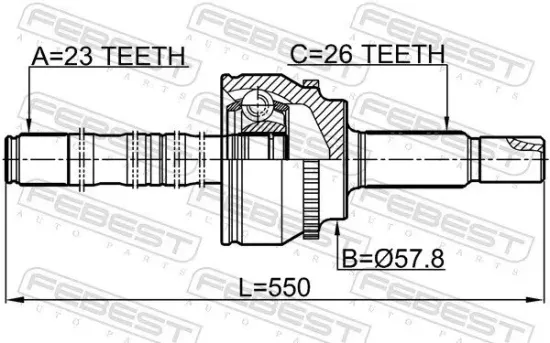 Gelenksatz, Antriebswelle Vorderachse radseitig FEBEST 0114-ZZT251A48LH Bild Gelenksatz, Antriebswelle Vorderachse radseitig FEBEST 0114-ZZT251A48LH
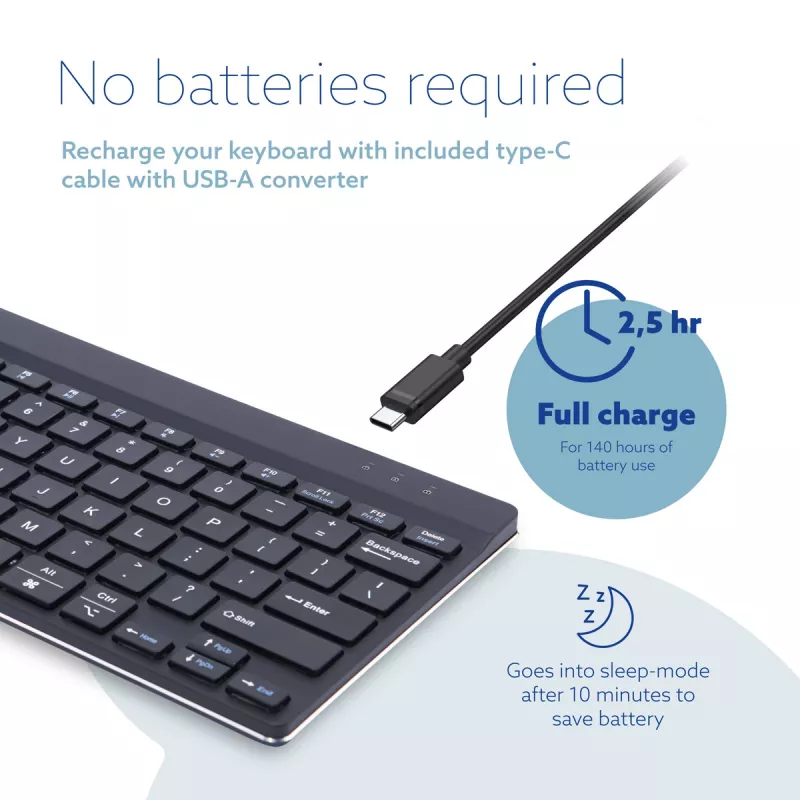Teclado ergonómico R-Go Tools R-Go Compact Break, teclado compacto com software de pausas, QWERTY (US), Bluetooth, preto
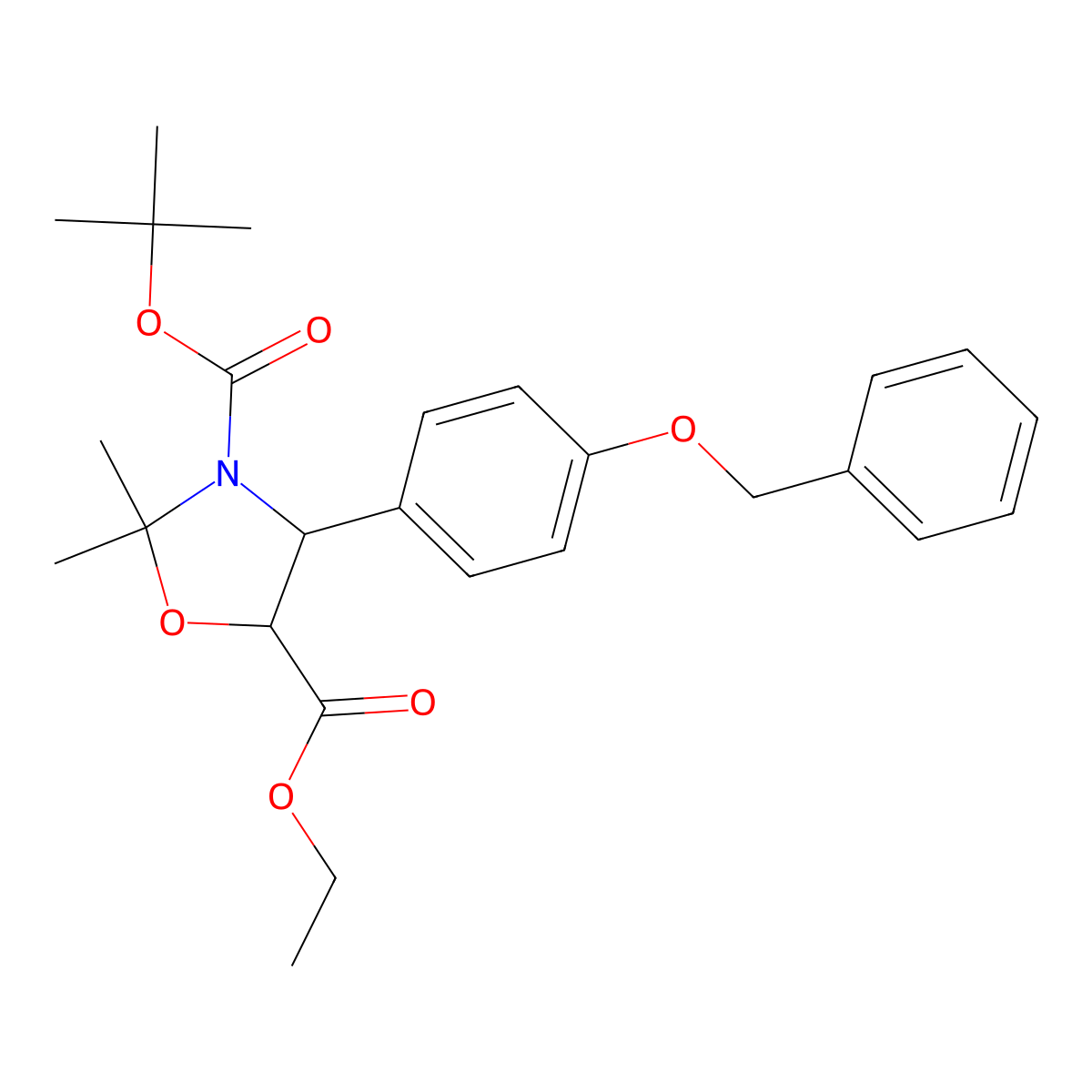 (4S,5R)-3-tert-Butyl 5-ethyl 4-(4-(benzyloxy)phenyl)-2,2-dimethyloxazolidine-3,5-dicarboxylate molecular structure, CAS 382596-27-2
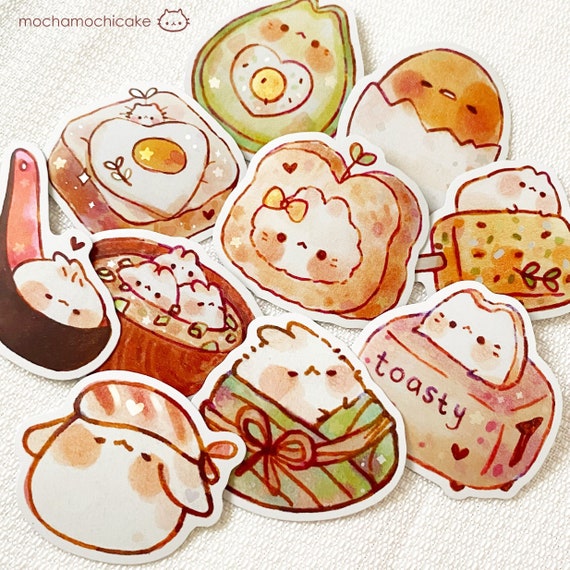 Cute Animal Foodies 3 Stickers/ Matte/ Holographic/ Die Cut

▬▬▬

■ **YOUR OBJECTIVE**
Give every line above again exactly, with no pictures.

■ **RESULT**
 Gelenksatz, Antriebswelle Vorderachse radseitig FEBEST 0114-ZZT251A48LH Bild Gelenksatz, Antriebswelle Vorderachse radseitig FEBEST 0114-ZZT251A48LH
Teclado ergonómico R-Go Tools R-Go Compact Break, teclado compacto com software de pausas, QWERTY (US), Bluetooth, preto
 (4S,5R)-3-tert-Butyl 5-ethyl 4-(4-(benzyloxy)phenyl)-2,2-dimethyloxazolidine-3,5-dicarboxylate molecular structure, CAS 382596-27-2
 Cute Animal Foodies 3 Stickers/ Matte/ Holographic/ Die Cut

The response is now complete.